MATERIAL PROVIDED:

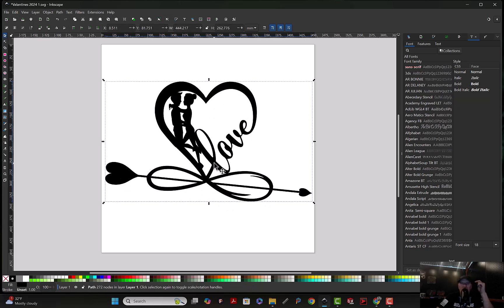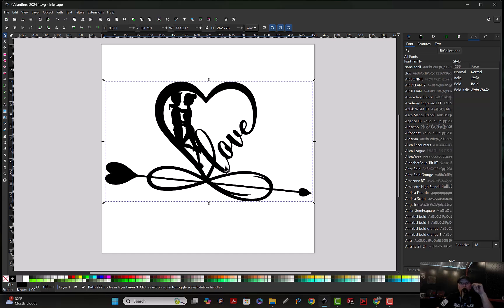I'll leave a link to this file in the description along with some product photos and an ad written for you. Just copy and paste it, throw it up on your social media, and let's get you some Valentine's money.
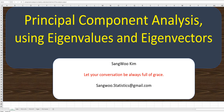Hi everyone! Thanks for watching my YouTube contents. I'm Sangu Kim. In the previous video, I tried to explain why we need to understand spectral decomposition and singular value decomposition in order to understand multivariate data analysis.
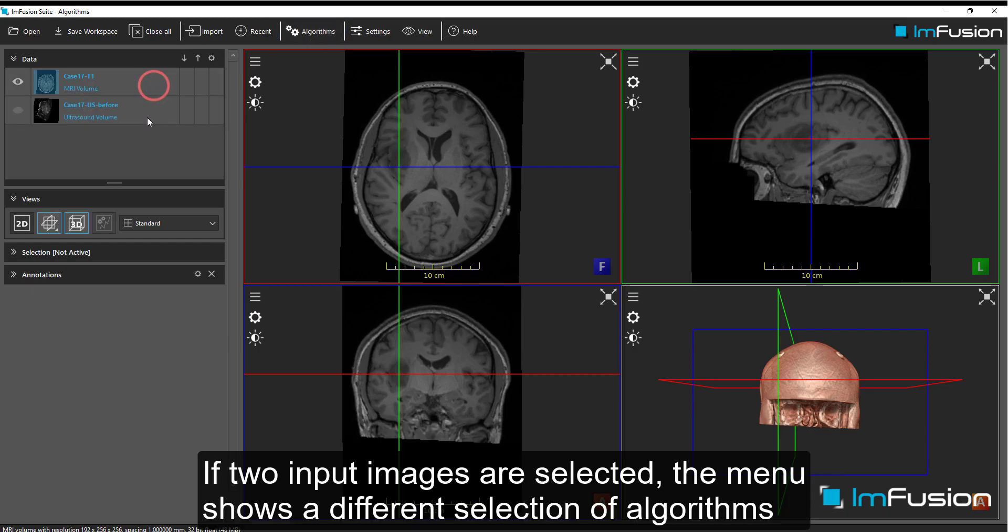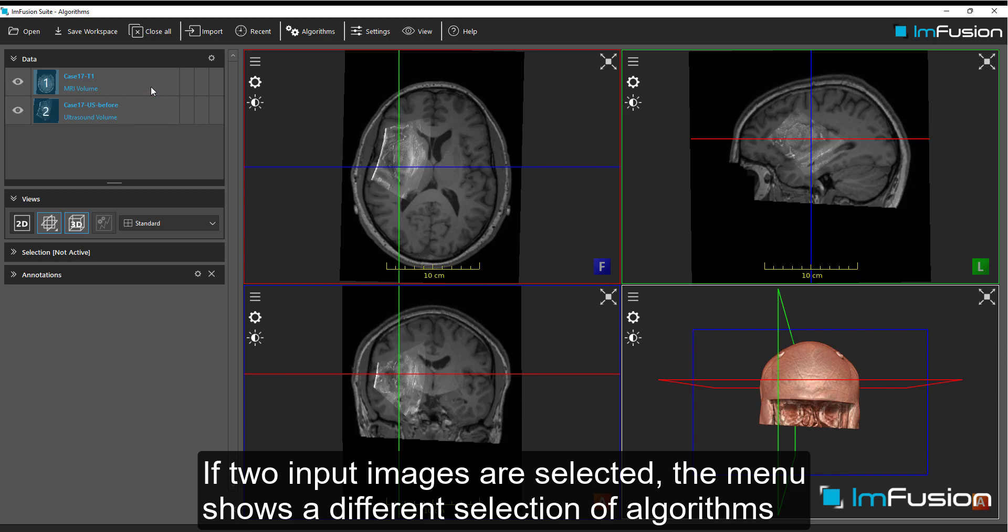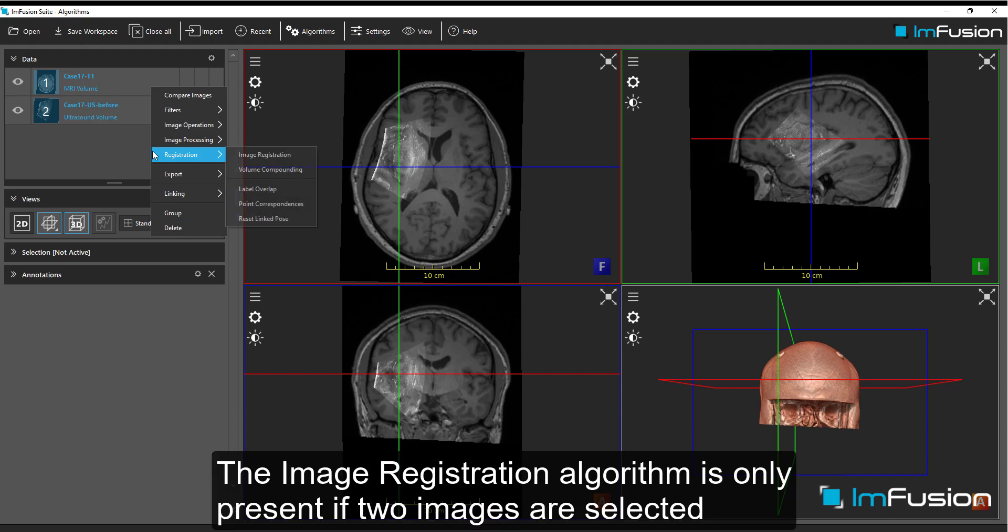If two input images are selected, the menu shows a different selection of algorithms. The image registration algorithm is only present if two images are selected.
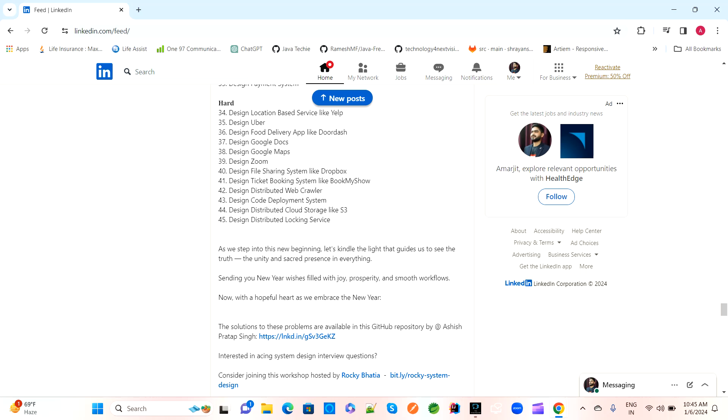They may ask: design Google Docs — we have Google documents, so how will you design Google Docs? And how will you design Google Maps? These are things they may ask. There are other hard-level system designs as well — these are much harder compared to easy and medium levels. Design a Zoom meetings application — how will you design it?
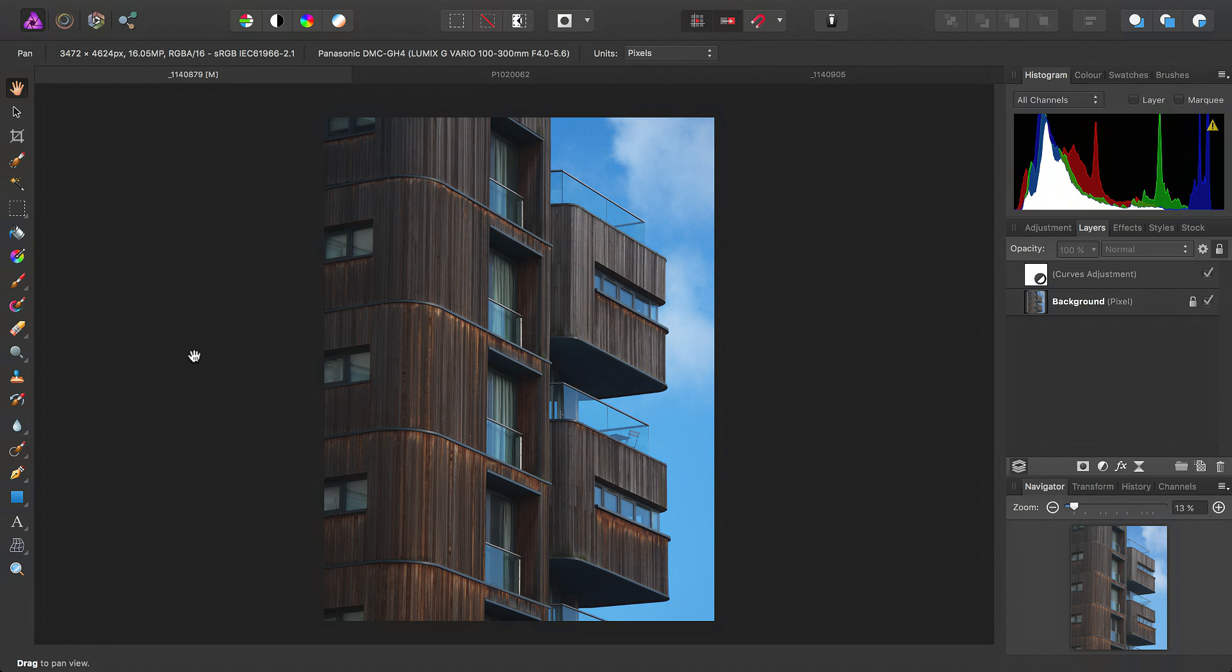Okay, so I just want to quickly show you how I use the retouching tools in Photo to add some punch to landscape and architecture images.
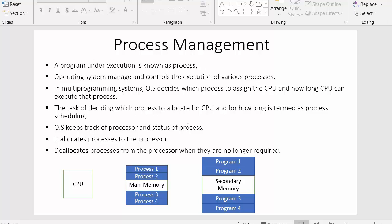This is just an introduction to what a process is and the responsibilities of the operating system in terms of process management. We will be dealing with this topic in detail in upcoming videos. I hope you understood each and every point of process management. If you liked this video, click the like button, share it with your friends, and don't forget to subscribe to our channel. Thanks for watching.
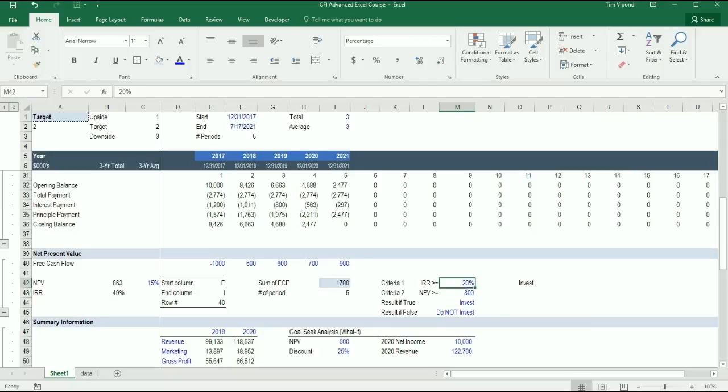Alternatively, if I set the hurdle rate of the IRR to be 50%, it would also show me do not invest.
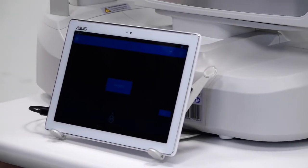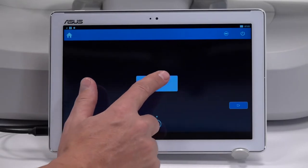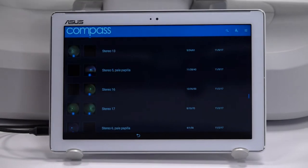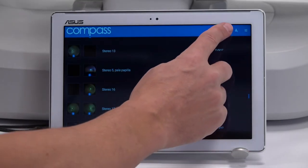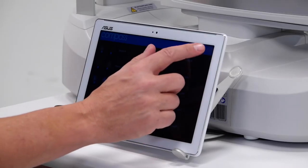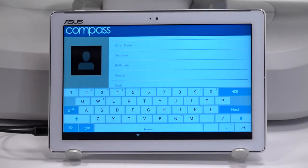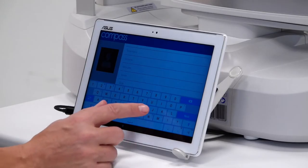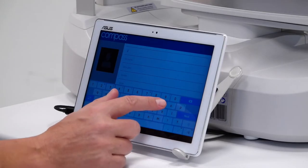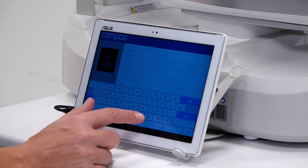Press the compass button to enter the patient list. Either search for a patient by pressing the search icon, or enter a new patient by pressing the new patient icon in the top right corner of the display.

EXERCISE OBJECTIVE: Repeat each entry exactly as given; no pictures belong in the copy.

RESPONSE TO THIS EXERCISE:
I'll leave a link to this file in the description along with some product photos and an ad written for you. Just copy and paste it, throw it up on your social media, and let's get you some Valentine's money.
Hi everyone! Thanks for watching my YouTube contents. I'm Sangu Kim. In the previous video, I tried to explain why we need to understand spectral decomposition and singular value decomposition in order to understand multivariate data analysis.
If two input images are selected, the menu shows a different selection of algorithms. The image registration algorithm is only present if two images are selected.
They may ask: design Google Docs — we have Google documents, so how will you design Google Docs? And how will you design Google Maps? These are things they may ask. There are other hard-level system designs as well — these are much harder compared to easy and medium levels. Design a Zoom meetings application — how will you design it?
Okay, so I just want to quickly show you how I use the retouching tools in Photo to add some punch to landscape and architecture images.
This is just an introduction to what a process is and the responsibilities of the operating system in terms of process management. We will be dealing with this topic in detail in upcoming videos. I hope you understood each and every point of process management. If you liked this video, click the like button, share it with your friends, and don't forget to subscribe to our channel. Thanks for watching.
Alternatively, if I set the hurdle rate of the IRR to be 50%, it would also show me do not invest.
Press the compass button to enter the patient list. Either search for a patient by pressing the search icon, or enter a new patient by pressing the new patient icon in the top right corner of the display.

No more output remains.